Auslander's Theorem and n-Isolated Singularities

TL;DR

This paper generalizes Auslander's Theorem to non-commutative rings and modules that are high syzygies of MCM modules, focusing on complete Gorenstein local domains and path algebras.

Contribution

It introduces a new generalization of Auslander's Theorem by restricting to high syzygy modules over non-commutative rings, expanding the theorem's applicability.

Findings

Generalization of Auslander's Theorem to non-commutative rings.

Analysis of modules that are high syzygies of MCM modules.
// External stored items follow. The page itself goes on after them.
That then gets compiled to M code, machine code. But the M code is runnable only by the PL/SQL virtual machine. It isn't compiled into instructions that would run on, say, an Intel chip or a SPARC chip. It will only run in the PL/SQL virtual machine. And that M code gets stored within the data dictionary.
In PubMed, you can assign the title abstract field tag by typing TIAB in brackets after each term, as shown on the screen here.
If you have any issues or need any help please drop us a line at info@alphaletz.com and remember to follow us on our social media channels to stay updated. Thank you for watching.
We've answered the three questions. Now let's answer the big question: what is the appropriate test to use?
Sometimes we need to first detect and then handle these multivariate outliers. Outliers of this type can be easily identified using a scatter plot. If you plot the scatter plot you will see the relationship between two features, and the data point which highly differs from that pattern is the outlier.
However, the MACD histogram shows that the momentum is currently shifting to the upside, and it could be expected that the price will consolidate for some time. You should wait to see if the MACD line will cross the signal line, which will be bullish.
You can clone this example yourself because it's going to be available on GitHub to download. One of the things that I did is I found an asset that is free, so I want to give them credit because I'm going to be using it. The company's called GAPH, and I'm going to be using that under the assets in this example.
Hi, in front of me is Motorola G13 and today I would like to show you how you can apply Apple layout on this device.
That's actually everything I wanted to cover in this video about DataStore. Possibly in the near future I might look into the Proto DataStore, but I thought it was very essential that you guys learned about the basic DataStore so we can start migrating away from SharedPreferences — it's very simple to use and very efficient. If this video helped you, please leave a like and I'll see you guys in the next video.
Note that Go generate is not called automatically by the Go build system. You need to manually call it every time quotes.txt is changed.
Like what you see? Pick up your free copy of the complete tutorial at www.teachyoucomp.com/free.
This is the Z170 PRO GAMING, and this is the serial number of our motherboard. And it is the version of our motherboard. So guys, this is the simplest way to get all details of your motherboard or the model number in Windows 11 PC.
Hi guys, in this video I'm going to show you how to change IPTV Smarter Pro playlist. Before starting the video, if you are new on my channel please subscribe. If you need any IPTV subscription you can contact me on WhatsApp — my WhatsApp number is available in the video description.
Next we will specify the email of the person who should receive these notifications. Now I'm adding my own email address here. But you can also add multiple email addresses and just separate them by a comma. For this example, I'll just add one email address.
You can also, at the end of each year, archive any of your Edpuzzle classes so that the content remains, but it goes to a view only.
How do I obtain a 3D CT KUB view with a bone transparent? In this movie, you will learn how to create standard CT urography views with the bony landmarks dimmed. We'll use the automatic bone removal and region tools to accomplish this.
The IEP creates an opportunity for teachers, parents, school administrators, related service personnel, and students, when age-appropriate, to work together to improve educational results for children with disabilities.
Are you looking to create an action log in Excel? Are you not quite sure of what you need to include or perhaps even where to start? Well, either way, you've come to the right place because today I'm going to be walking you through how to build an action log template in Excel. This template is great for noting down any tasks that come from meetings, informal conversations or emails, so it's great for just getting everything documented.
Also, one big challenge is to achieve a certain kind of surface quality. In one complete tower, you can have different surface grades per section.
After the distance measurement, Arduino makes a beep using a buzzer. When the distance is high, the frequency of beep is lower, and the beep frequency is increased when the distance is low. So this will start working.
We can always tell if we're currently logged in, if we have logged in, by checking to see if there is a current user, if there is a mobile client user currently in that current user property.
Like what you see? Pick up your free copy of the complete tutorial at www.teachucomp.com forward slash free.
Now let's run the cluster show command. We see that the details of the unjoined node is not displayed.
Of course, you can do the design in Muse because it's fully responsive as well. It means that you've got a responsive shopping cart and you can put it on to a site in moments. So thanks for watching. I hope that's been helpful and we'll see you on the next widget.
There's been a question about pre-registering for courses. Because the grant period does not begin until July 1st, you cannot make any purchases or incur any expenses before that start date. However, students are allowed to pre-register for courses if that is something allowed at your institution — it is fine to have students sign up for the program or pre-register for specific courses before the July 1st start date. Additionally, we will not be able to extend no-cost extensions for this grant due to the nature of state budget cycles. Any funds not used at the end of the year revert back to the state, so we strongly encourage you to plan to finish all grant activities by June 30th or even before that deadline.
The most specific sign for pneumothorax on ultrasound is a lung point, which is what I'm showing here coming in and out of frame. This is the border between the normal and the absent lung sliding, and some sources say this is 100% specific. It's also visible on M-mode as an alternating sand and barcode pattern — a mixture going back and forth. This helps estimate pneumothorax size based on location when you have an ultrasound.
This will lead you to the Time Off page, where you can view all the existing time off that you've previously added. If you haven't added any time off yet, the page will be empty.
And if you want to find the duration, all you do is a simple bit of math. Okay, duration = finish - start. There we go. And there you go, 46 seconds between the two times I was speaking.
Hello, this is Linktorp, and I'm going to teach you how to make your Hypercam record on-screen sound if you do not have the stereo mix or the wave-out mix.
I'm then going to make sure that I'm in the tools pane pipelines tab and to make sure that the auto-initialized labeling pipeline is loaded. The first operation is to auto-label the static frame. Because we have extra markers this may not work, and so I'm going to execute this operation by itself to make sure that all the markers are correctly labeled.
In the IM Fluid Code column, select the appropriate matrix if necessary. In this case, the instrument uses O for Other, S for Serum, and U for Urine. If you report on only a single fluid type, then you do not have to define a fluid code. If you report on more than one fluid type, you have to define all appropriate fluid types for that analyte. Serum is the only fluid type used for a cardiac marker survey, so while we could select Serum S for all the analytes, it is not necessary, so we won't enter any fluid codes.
Application to path algebras over complete Gorenstein local domains.

Abstract

One of the most stunning results in the representation theory of Cohen-Macaulay rings is Auslander's well known theorem which states a CM local ring of finite CM type can have at most an isolated singularity. There have been some generalizations of this in the direction of countable CM type by Huneke and Leuschke. In this paper, we focus on a different generalization by restricting the class of modules. Here we consider modules which are high syzygies of MCM modules over non-commutative rings, exploiting the fact that non-commutative rings allow for finer homological behavior. We then generalize Auslander's Theorem in the setting of complete Gorenstein local domains by examining path algebras, which preserve finiteness of global dimension.